(What you need to do): Using the records below, output the stretch that opens with the line containing "スワロフスキー Una ネックレス" and closes with the line containing "Fotografía extraída de", exactly and including both lines, with nothing more.

(Input for this task):
● ● ●
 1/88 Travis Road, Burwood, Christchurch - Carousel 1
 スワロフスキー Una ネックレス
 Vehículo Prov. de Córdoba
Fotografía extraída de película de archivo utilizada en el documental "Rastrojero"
● ● ●
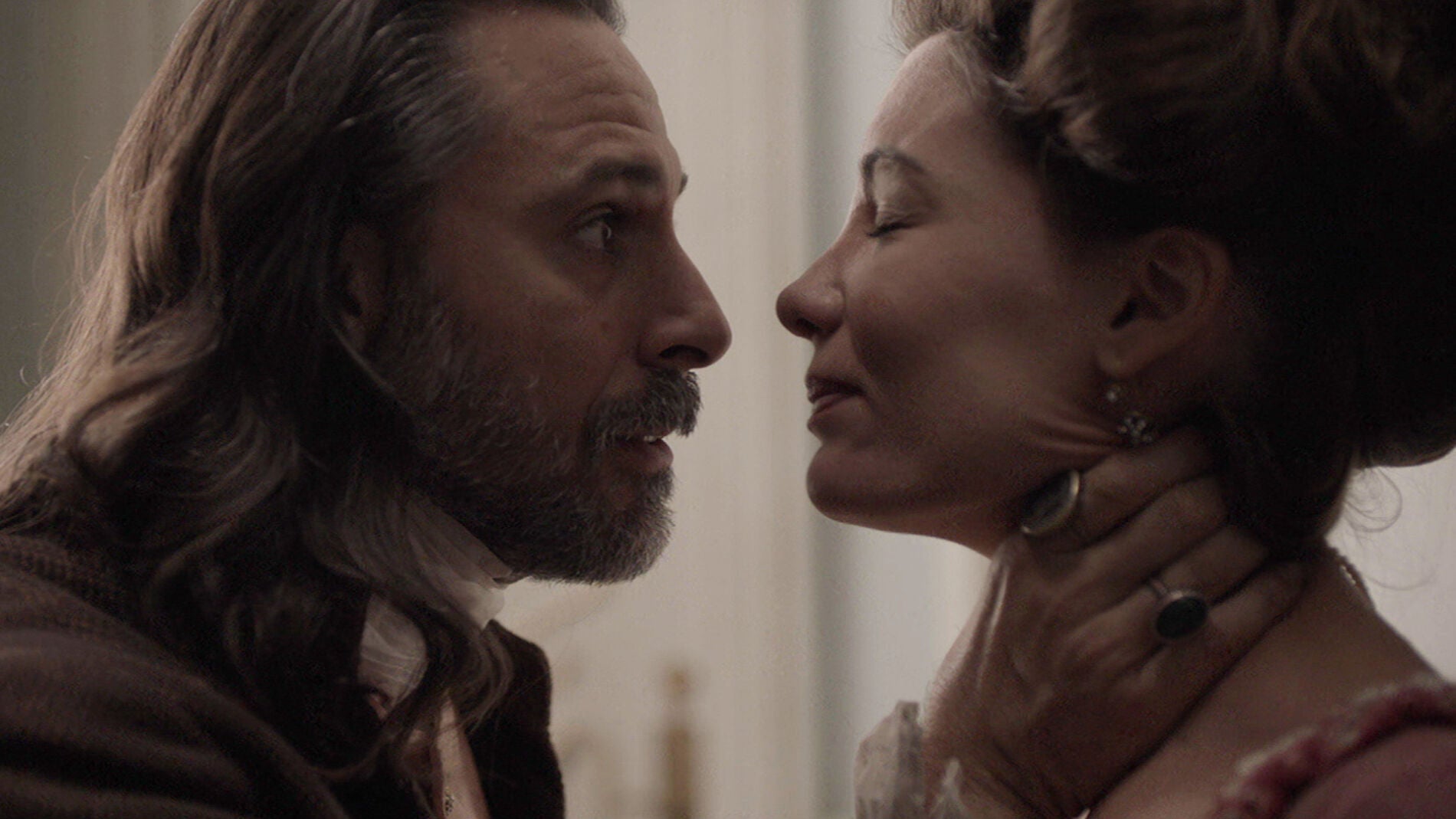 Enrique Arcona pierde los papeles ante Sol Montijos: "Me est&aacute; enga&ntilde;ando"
● ● ●
(Answer to this task):
 スワロフスキー Una ネックレス
 Vehículo Prov. de Córdoba
Fotografía extraída de película de archivo utilizada en el documental "Rastrojero"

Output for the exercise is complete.